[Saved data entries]
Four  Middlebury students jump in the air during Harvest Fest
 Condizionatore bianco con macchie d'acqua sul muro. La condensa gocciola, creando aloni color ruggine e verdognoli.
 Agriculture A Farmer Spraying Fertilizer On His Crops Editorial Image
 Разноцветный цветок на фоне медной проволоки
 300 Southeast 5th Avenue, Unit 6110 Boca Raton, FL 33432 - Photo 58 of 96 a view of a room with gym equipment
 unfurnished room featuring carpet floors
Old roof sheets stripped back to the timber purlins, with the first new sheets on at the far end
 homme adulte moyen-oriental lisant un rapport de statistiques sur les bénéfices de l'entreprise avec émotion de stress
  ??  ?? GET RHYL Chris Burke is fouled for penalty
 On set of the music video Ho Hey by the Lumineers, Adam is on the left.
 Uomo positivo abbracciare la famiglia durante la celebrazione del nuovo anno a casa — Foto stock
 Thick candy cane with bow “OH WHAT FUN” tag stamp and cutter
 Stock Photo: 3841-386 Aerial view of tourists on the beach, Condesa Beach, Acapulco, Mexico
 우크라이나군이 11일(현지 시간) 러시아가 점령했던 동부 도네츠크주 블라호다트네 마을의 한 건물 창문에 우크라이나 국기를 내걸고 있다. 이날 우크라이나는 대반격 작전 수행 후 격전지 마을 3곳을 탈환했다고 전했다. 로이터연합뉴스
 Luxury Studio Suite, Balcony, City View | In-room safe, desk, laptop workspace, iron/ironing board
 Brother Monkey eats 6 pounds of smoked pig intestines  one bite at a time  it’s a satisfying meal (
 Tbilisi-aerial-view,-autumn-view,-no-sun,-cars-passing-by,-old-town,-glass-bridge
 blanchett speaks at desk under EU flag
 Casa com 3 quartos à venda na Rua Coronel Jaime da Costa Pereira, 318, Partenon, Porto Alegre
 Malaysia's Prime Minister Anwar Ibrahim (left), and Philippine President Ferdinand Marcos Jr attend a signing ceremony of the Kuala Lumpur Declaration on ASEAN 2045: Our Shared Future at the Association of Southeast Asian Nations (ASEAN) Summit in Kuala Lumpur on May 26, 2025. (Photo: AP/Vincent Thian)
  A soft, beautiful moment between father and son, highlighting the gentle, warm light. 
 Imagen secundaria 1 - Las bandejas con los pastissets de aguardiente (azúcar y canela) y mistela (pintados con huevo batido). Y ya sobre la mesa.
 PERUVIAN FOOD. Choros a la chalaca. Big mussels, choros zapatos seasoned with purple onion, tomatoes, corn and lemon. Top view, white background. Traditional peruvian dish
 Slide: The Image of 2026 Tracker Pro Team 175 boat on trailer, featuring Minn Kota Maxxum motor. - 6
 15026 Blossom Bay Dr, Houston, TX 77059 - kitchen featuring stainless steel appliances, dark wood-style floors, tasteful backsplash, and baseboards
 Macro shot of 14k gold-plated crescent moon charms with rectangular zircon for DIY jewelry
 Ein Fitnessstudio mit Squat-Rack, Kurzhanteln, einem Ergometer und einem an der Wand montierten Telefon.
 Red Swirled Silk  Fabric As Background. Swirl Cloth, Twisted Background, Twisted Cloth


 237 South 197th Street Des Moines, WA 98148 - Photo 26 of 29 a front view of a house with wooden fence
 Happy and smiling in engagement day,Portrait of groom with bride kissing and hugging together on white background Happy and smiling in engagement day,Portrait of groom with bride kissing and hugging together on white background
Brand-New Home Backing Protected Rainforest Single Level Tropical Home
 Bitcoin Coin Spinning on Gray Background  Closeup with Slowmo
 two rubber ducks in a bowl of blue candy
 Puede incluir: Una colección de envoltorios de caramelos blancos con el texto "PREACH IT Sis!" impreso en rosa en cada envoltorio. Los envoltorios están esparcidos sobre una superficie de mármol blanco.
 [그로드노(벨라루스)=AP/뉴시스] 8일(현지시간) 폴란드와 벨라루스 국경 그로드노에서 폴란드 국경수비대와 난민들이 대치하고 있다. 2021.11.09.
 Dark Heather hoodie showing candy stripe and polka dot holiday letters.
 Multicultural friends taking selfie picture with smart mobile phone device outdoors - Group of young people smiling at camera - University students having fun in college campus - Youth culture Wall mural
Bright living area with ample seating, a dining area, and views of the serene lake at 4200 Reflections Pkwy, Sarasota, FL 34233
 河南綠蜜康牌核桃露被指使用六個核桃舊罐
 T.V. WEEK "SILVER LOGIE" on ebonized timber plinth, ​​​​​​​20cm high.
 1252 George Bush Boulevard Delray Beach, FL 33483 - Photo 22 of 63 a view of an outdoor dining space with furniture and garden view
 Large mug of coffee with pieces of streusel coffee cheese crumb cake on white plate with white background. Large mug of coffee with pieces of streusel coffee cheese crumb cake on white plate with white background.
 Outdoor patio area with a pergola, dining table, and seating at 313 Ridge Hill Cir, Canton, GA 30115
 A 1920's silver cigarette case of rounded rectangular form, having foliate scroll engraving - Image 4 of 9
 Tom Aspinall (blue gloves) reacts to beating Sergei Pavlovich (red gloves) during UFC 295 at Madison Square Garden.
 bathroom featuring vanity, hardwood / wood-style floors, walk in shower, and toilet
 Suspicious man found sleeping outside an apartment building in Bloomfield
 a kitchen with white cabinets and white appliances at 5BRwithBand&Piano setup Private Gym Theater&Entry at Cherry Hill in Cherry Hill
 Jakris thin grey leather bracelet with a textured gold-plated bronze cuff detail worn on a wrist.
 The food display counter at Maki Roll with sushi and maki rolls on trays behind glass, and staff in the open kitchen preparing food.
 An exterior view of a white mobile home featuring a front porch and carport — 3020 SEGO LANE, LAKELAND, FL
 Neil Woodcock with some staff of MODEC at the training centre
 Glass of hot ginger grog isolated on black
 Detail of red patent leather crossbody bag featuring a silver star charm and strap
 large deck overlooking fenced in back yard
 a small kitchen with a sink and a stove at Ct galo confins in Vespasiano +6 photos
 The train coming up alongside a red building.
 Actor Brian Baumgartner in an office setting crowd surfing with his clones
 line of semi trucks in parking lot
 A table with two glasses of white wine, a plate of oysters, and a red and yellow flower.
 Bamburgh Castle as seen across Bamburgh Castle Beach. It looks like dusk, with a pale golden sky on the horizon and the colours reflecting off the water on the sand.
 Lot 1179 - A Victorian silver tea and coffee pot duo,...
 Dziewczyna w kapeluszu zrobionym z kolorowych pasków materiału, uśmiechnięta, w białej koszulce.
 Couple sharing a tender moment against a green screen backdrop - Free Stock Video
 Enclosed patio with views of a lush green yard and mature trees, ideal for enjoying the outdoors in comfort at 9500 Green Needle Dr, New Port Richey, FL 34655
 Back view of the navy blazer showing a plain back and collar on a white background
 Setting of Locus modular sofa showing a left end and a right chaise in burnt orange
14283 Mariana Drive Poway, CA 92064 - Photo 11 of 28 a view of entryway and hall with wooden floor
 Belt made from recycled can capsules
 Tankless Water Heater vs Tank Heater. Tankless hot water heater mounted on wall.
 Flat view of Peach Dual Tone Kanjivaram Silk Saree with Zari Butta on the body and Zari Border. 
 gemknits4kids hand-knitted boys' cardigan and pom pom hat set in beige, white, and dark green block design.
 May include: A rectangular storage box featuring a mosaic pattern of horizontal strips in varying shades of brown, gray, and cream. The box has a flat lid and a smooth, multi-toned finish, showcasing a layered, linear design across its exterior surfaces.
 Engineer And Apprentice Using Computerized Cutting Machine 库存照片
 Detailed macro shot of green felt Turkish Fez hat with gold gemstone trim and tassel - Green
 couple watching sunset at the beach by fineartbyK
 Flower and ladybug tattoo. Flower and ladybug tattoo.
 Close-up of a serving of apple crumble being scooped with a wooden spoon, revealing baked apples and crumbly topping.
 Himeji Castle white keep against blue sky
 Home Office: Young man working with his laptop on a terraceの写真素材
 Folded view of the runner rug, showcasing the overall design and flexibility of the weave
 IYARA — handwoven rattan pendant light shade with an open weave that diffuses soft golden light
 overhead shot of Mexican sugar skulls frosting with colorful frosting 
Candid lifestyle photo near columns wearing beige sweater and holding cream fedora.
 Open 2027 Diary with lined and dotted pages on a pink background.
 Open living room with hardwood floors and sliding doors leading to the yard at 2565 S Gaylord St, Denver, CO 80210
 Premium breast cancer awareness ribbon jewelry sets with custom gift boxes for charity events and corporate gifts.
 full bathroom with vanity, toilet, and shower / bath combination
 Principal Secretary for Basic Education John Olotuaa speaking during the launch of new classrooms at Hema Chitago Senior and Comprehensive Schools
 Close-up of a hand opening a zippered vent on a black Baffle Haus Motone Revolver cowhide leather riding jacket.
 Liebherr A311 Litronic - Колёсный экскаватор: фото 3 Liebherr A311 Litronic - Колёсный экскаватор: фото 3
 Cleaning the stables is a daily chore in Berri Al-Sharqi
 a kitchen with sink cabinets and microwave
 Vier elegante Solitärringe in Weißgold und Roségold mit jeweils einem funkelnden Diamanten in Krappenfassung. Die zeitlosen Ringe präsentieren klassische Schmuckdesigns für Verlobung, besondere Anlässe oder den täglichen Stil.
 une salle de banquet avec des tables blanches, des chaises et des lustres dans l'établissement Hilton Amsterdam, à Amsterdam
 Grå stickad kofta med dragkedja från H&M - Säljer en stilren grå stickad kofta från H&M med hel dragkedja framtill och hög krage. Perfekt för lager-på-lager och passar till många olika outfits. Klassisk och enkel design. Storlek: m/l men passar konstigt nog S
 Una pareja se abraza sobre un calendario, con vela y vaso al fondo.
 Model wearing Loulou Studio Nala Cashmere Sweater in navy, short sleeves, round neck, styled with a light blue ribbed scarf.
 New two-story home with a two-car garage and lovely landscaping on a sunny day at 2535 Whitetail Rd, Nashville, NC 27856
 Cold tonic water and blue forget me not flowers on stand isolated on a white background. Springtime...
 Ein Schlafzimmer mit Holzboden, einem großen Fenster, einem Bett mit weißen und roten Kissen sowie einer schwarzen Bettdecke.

▶ [AIM OF THE TASK] Among the entries above, the lines between the ones containing "The train coming" and "Enclosed patio with", inclusive, are to be transcribed exactly. No other line is to be given.

▶ [RESULT FOR THIS TASK]
 The train coming up alongside a red building.
 Actor Brian Baumgartner in an office setting crowd surfing with his clones
 line of semi trucks in parking lot
 A table with two glasses of white wine, a plate of oysters, and a red and yellow flower.
 Bamburgh Castle as seen across Bamburgh Castle Beach. It looks like dusk, with a pale golden sky on the horizon and the colours reflecting off the water on the sand.
 Lot 1179 - A Victorian silver tea and coffee pot duo,...
 Dziewczyna w kapeluszu zrobionym z kolorowych pasków materiału, uśmiechnięta, w białej koszulce.
 Couple sharing a tender moment against a green screen backdrop - Free Stock Video
 Enclosed patio with views of a lush green yard and mature trees, ideal for enjoying the outdoors in comfort at 9500 Green Needle Dr, New Port Richey, FL 34655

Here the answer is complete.